For a breath, Calendar glowered over her; then, "I presume," he observed, "that all these heroics are inspired by that whipper-snapper, Kirkwood. Do you know that he hasn't a brass farthing to bless himself with?"

"What has that—?" cried the girl indignantly.

"Why, it has everything to do with me, my child. As your doting parent, I can't consent to your marrying nothing-a-year.... For I surmise you intend to marry this Mr. Kirkwood, don't you?"

There followed a little interval of silence, while the warm blood flamed in the girl's face and the red lips trembled as she faced her tormentor. Then, with a quaver that escaped her control, "If Mr. Kirkwood asks me, I shall," she stated very simply.

"That," interposed Kirkwood, "is completely understood." His gaze sought her eyes, but she looked away.

"You forget that I am your father," sneered Calendar; "and that you are a minor. I can refuse my consent."

"But you won't," Kirkwood told him with assurance.

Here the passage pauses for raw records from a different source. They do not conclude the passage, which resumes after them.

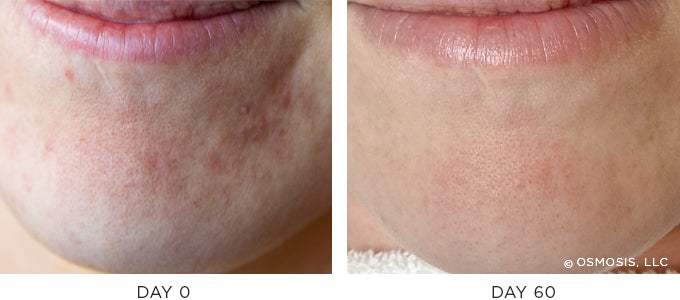 Before and After photo showing improvement in redness and irritation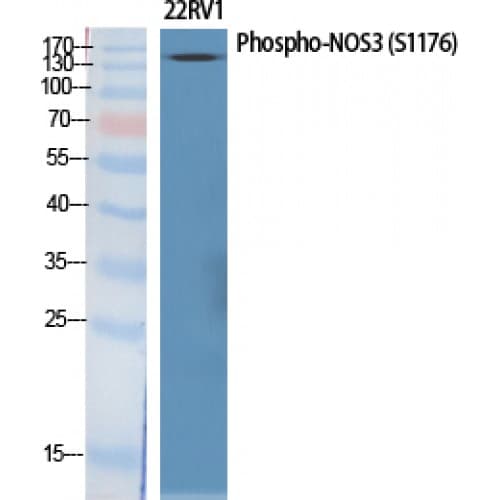 NOS3 / eNOS Antibody (1110-1190 aa)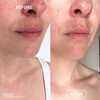 Kép 7/7 - EVOLVE RESVERATROL + NIACINAMIDE Bőrtökéletesítő arcápoló szérum hiperpigmentációra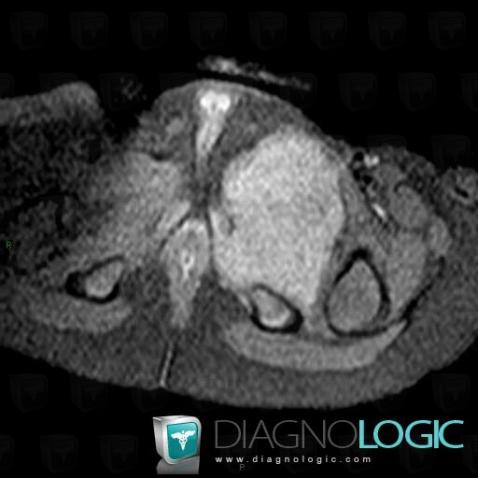 Rhabdomyosarcoma, Pelvic Muscles, Other soft tissues/nerves - Pelvis, MRI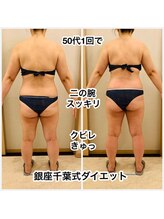 ヒーリングユー(Healing you)/５０代ビフォーアフター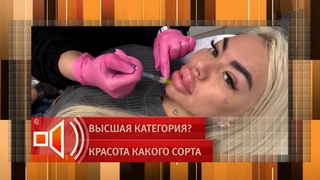 Гиалуроновая долина: девушка с самыми большими в России губами рассказала, сколько тратит на свою красоту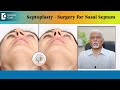 SEPTOPLASTY - Deviated Septum Surgery for breathing difficulty - Dr.Harihara Murthy |Doctors&#39; Circle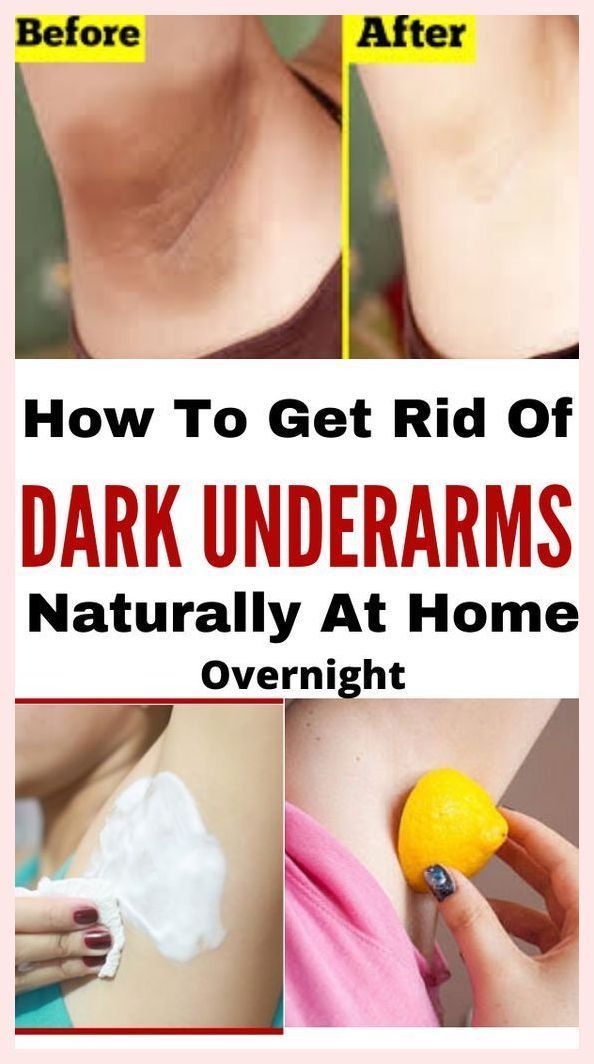 How To Whiten Underarms Fast and Naturally Whiten Underarms Fast, Rid Of Dark Underarms, How To Whiten Underarms, Dark Armpits, Lifting Facial, Dark Underarms, Magnesium Deficiency, Unwanted Hair Removal, Homemade Remedies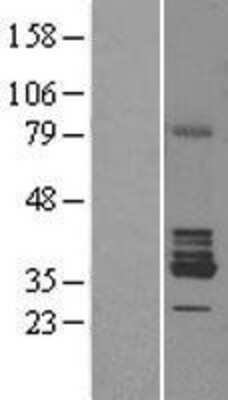 Western Blot: RDH5 Overexpression Lysate [NBL1-15259]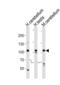 SKI Family Transcriptional Corepressor 2 antibody, MBS9204741, MyBioSource, Western Blot image 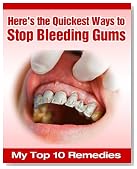 Here's the Quickest Ways to Stop Bleeding Gums - My Top 10 Remedies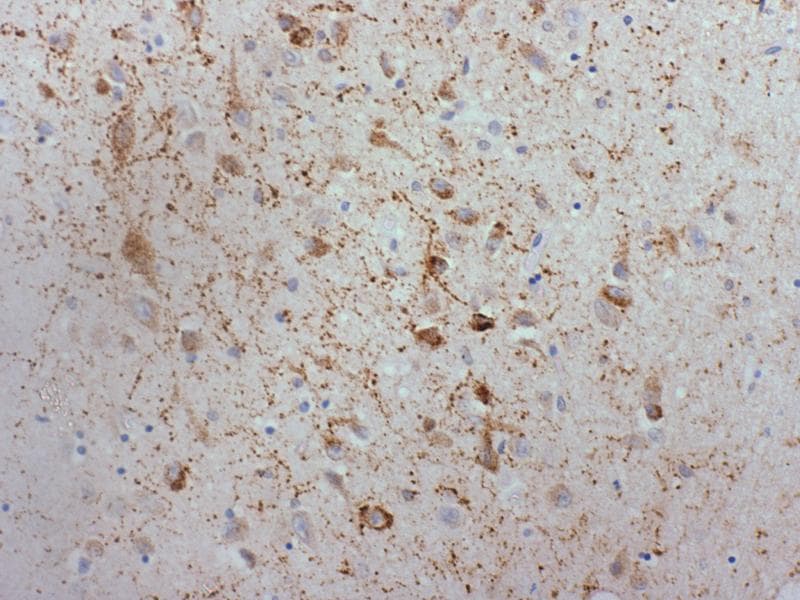 Human Galanin Antibody MAB5854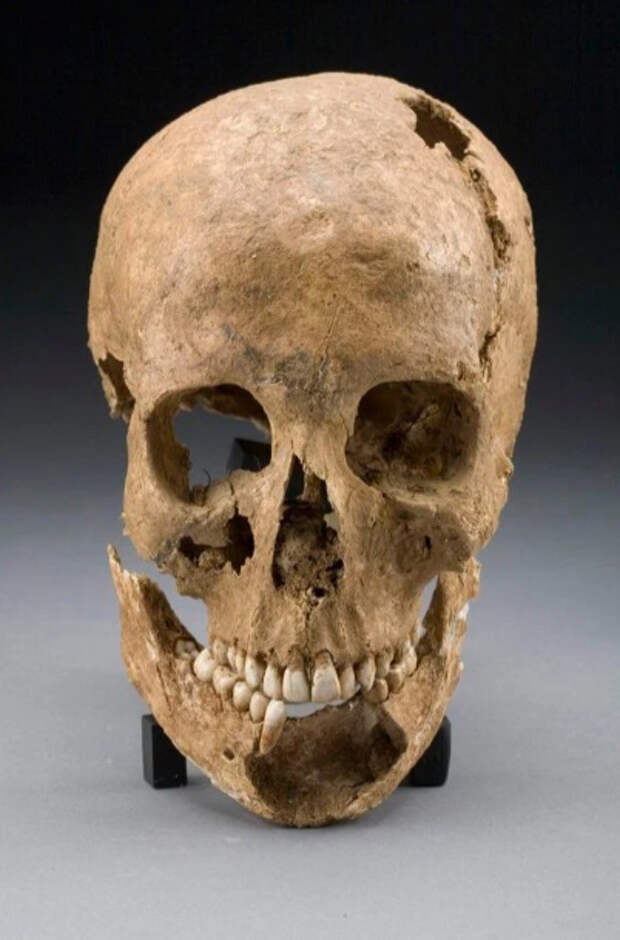 400 лет назад этого юношу убили индейцы. Перед смертью у него сильно болел зуб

The adventurer stared. "No," he agreed, after slight hesitation; "no, I shan't interfere. Take her, my boy, if you want her—and a father's blessing into the bargain. The Lord knows I've troubles enough; a parent's lot is not what it's cracked up to be." He paused, leering, ironic. "But,"—deliberately, "there's still this other matter of the gladstone bag. I don't mind abandoning my parental authority, when my child's happiness is concerned, but as for my property—"

"It is not your property," interrupted the girl.

"It was your mother's, dear child. It's now mine."

"I dispute that assertion," Kirkwood put in.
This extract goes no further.